The copy you give must match the listing below exactly and contain no pictures.

◆ Recorded information ◆
---+---
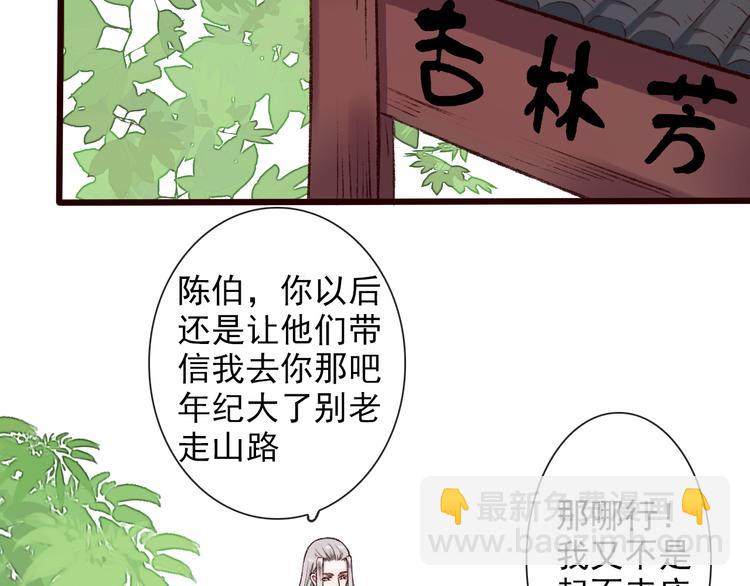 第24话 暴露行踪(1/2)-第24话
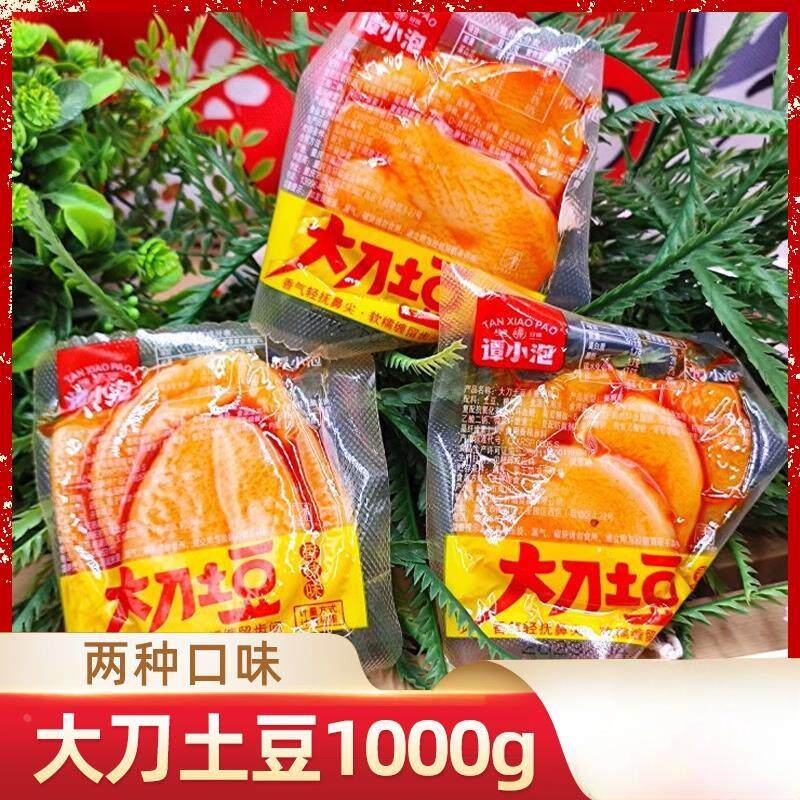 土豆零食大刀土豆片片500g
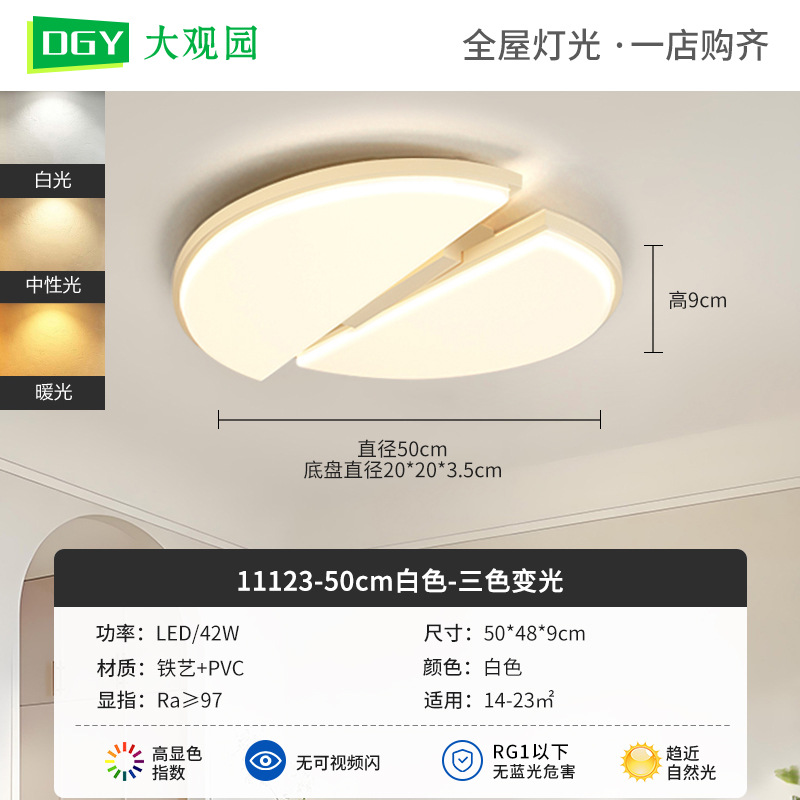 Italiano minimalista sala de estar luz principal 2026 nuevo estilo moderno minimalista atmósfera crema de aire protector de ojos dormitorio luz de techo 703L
---+---
◆ Task solution ◆
 第24话 暴露行踪(1/2)-第24话
 土豆零食大刀土豆片片500g
 Italiano minimalista sala de estar luz principal 2026 nuevo estilo moderno minimalista atmósfera crema de aire protector de ojos dormitorio luz de techo 703L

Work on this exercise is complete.